Love interest: Catherine Zeta-Jones. Could merge my previous suggestion about the wine heist quite easily here.
And major congrats to renaissance man Ben Wallace (er, wait, this Ben Wallace) on selling the movie rights before the book has even been published! And to Patrick Radden Keefe for selling movie rights to a magazine article! I’m happy to sell movie rights to a blog posting.
SIPPED: Freddy boy
If there were no Fred Franzia, would journalists have to invent him? In this story, the man behind Two Buck Chuck swears, slams all wine over $10 a bottle, mocks the concept of terroir, and relieves himself near his car–all in the first paragraph! Business 2.0 lapped it up talking about his “wars” and why he has an Enya CD in his Jeep. [Business 2.0, now defunct]
SPIT: Blind tastings
Eric Asimov writes “maybe as wine drinkers we’re all a little more grown up now and don’t need to taste blind all the time.” Indeed! Three cheers wine evaluation without numbers! [The Pour]
SIPPED: Gringo vino
Are Americans finally heading to Argentina to make wine? Fortune Small Business found a few. I hope they read my article from January about the pitfalls! [Fortune SB]
SIPPED: Bambino vino
Gabriella writes up her experience taking 55 elementary school kids on a winery tour in Spain. Could this ever take place if it were in America? [Catavino]
SIPPED: green wine
Whole Foods rolls out an “organically grown” wine in a tetra prisma! [Seattle dbusiness]
The grape, spit in Sideways, will get it’s own defense on the silver screen with a new documentary. Key question: will anyone notice?
SPIT: The greenback
The US dollar falls to 15 year lows. Say hello to more expensive imported wine–and wine travel overseas!
(Photo credit: Fair use is made here of a reduced-size crop from a larger image in Business 2.0 attributed to Michael Kelley)
The wine world is full of great “gotcha” moments especially when it comes to blind tastings. One of the great gotcha moments in wine was the fabled “Paris tasting” in 1976 when American wines, poured blind to French judges, defeated similar French wines. It had a lot of ramifications including the ascent of American wine onto the world stage and the rise of the blind tasting for many critics.
Does it sound like there’s the makings of a full-length feature film in there to you? Quite frankly, I fail to see how there’s enough material in the event for movie–it’s a critical event, sure, but one moment in a larger, more interesting story about wine, wine consumption, and wine production.
But that must be why I am not a Hollywood executive since there are currently two separate–and rival!–productions to portray these events on the silver screen. One version, “Bottle Shock,” supposedly begins shooting next week with Alan Rickman as Steven Spurrier, the Englishman who organized the original tasting. Danny DeVito will play Mike Grgich, the Croatian immigrant who made the winning chardonnay and is also know for effectively pulling off a beret. Yes, this means DeVito will be filmed wearing a beret! (I think he can pull it off.) And with the endorsement of Grgich and Jim Barrett, owner of Chateau Montelena, since they favor this version of the events.

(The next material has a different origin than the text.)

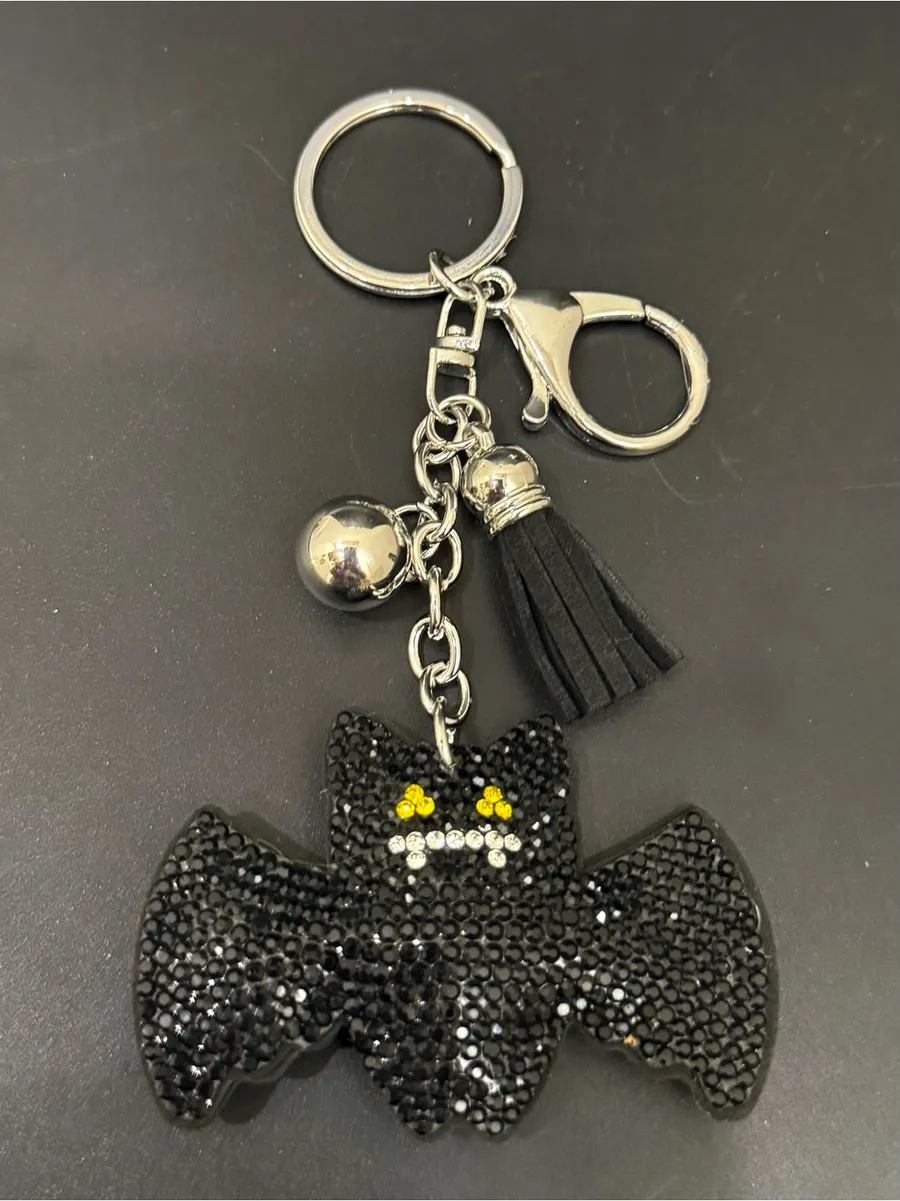 Black Rhinestones Halloween Bat Bag Charm Keychain Silver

Another production, “The Judgment of Paris,” has Spurrier’s official endorsement as well as that of George Taber, the author of the book of that name based on his reporting for TIME magazine (originally a four paragraph story). They’re still looking for a lead, with Hugh Grant and Jude Law “rumored.” (No word on who will wear the beret in this version) And now various parties associated with this film are threatening to sue “Bottle Shock.”
Thirty years later, the tasting still generates controversy. But in this case, the box office will be the final arbiter. If they don’t both flop, that is.